The truth is that bad dates can be as important as good ones. While holding onto unpleasant emotions can be damaging, if you remember what went wrong, or more importantly what made the other person wrong for you, the chances are you’re now even closer to finding someone you like.
Think about the way you’ve dated…
Consider a time you found yourself starting to date someone exactly like your ex-partner, knowing that it already worked out badly once. Before you know it, you’re single again, chastising yourself for coming to the exact same outcome. Maybe there’s something important you’re ignoring about the way you made a decision before.
It may be an old cliché that you have to kiss a few frogs to find the handsome prince but according to the numbers, it’s true.

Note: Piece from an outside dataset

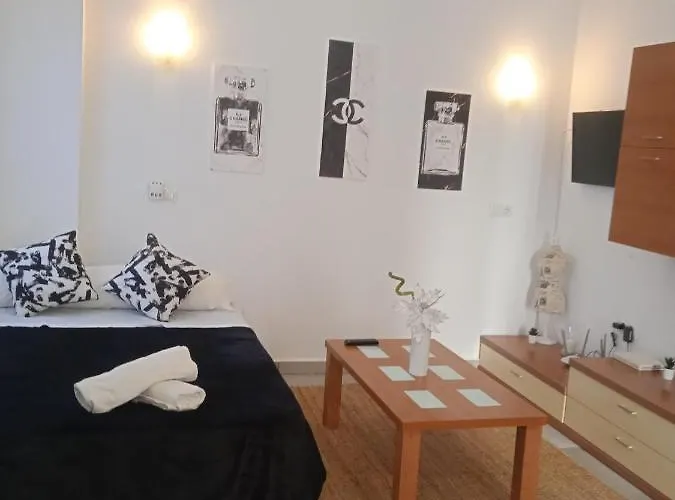 The Lovely Loft 1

Now think about when you were bouncing between opposites. Perhaps one date was a quiet, cerebral type, then the next person you chose was an athlete, outgoing and tactile. Neither may have worked out and even though it feels that you’ve just met another person who is not for you, you now know a little more about the person you do want too because you’ve experienced more.
Taking your time is an advantage.
In the UK more people are single than ever before and the average age of a single person is getting older. Our expectations from life are different so it’s not surprising we’re becoming choosier in our romantic lives and rightly so. It may be an old cliché that you have to kiss a few frogs to find the handsome prince but according to the numbers, it’s true.

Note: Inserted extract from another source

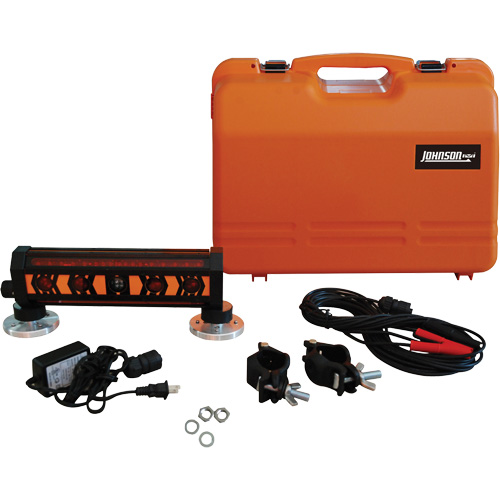 Machine Mountable 360 Degree Detector with Clamp & Magnet Les Fournitures Industrielles Méga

The Optimal Stopping Theory determines the right time to make a decision in order to gain the best result. Take recruitment for example, when you’ve seen 37% of applicants you know who you’re looking for to fill the position. The decisions you make early on (even bad ones) affect the ones you make later and when it comes to finding the right person Mathematician Dr Peter Todd suggests you should try at least a dozen partners before you start looking seriously.
There’s certainly something to be said for knowing what you want, and what you don’t want, because it’s definitely going to help you know where to start looking. So even though bad dates can leave us with reservations and nerves, they’re actually leading us a step further along the way to making well-judged, rewarding decisions about our love-lives.